NRA’s ad agency turned guns into a symbol of American freedom
A growing list of American businesses are severing ties with the National Refile Association (NRA). But among its partners, arguably the most valuable is still by their side: Oklahoma-based Ackerman McQueen, the NRA's longterm advertising and PR agency. For decades, this firm has honed the pro-gun narrative, establishing gun rights as a core value for conservative voters and as a pillar of America's identity.
Ackerman McQueen has held the NRA account for over 30 years. The agency explains its strategy for promoting the powerful gun lobby's mission on its website:
Today, our leading voice for motivation comes from a shoe brand. Independence is owned by a computer company. Extreme adventure is presented by an energy drink. Freedom is the territory of a gun rights organization.
To create a place for the NRA within the country's decades-long national debate over mass shootings and gun violence, Ackerman McQueen helped transform it into a "news" organization. Creating its own content would give the advocacy group unlimited opportunities to insist that gun control was a question of freedom, more than safety. It would also help the NRA evade legal restrictions on political advertising.
Since 1999, years ahead the creation of YouTube, Ackerman McQueen adopted a strategy of opening dedicated media channels for its clients, first for its Williams Energy account (a natural gas company), and then for the NRA in 2004, opening NRA News.
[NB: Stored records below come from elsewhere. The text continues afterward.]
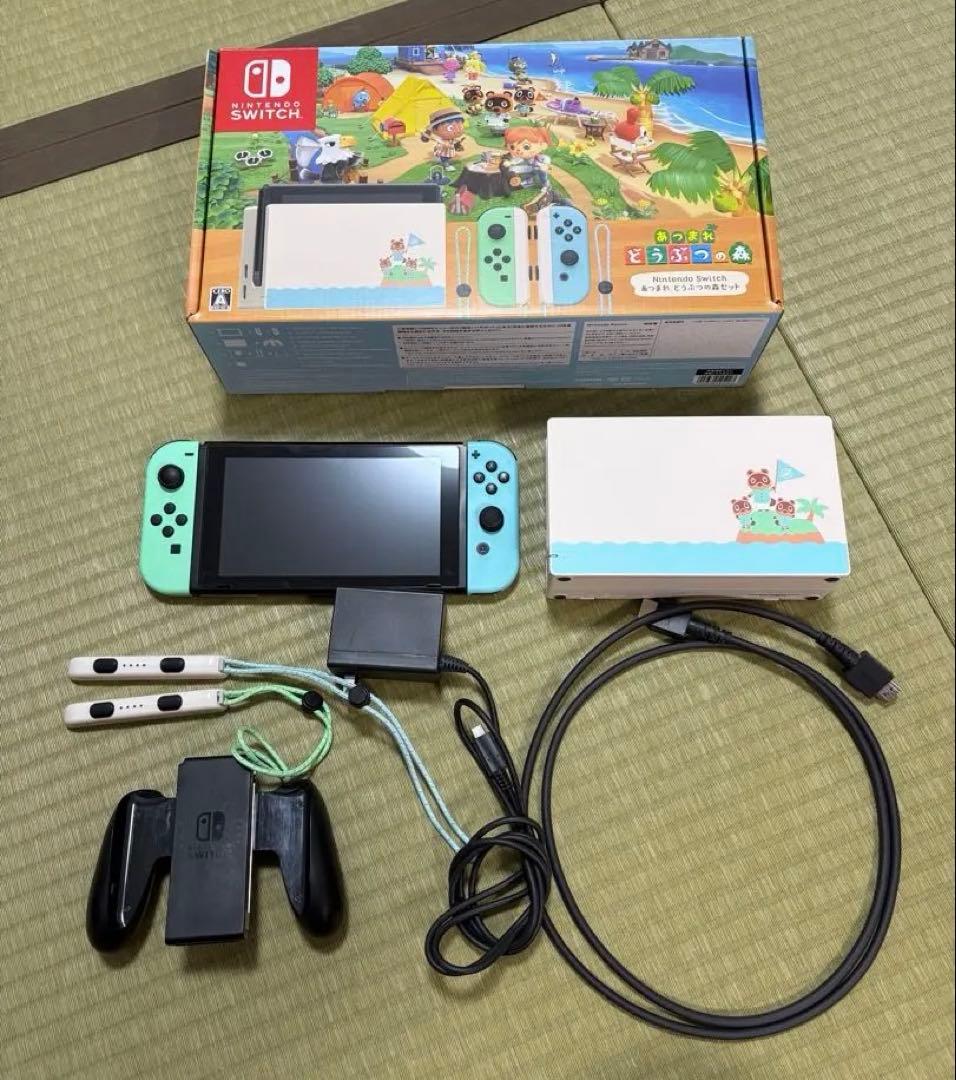 switch あつまれどうぶつの森セット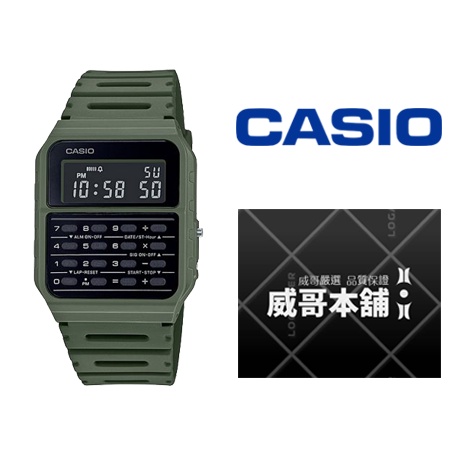 【威哥本舖】Casio原廠貨 CA-53WF-3B 軍綠經典計算機錶 CA-53WF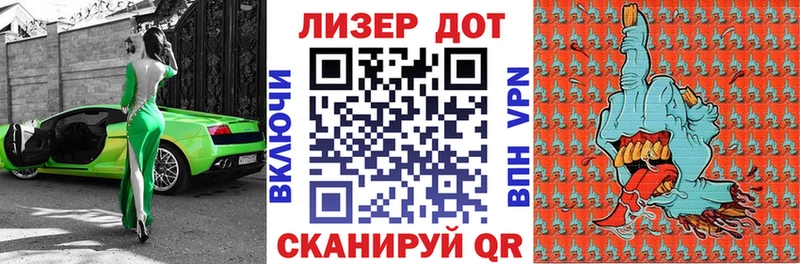 цены наркотик  Камызяк  Наркотические марки 1500мкг 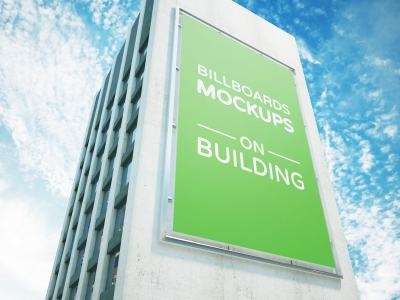 户外广告样机楼体广告户外广告楼体广告楼宇广告灯箱巨幅广告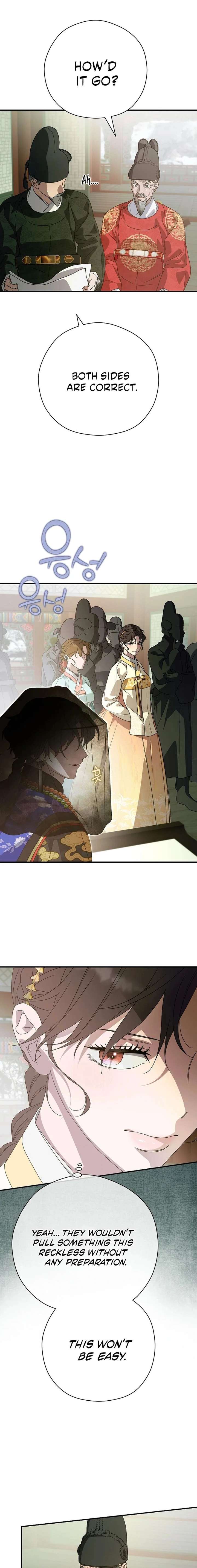 ch 63 11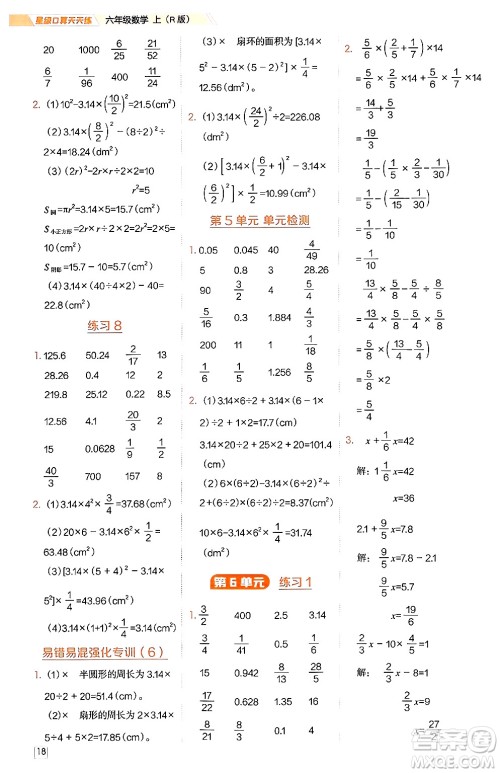 安徽教育出版社2024年秋荣德基星级口算天天练六年级数学上册人教版答案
Brand-focused media channels were met with skepticism, according to the agency:
Brands were supposed to be advertisers, not news outlets. Journalism schools laughed at our philosophy, local stations thought it was cute and the media refused to see these brands as peers.
The brands who decided to become "their own media company," explains the agency, "recognized that there was white space in a narrative that they could control with years-long dedication to owned storytelling."
For the NRA, there was a second reason: In 2002, the Bipartisan Campaign Reform Act banned groups such as the NRA from advertising a month before a primary election, and 60 days before a general election. But the gun advocacy campaign could continue outside ads, Ackerman McQuinn realized. As the firm explains on a webpage detailing its job for the NRA, "if political free speech is restricted to news media, why not go deeper into the news business yourself?"
A news channel dedicated to "the most comprehensive video coverage of Second Amendment issues, events and culture," was a perfect way to get around the ban, and engage directly with the grassroots supporters of the organization, who could tune into NRA News to hear a self-professed "unmatched authority, expertise and perspective on Second Amendment issues."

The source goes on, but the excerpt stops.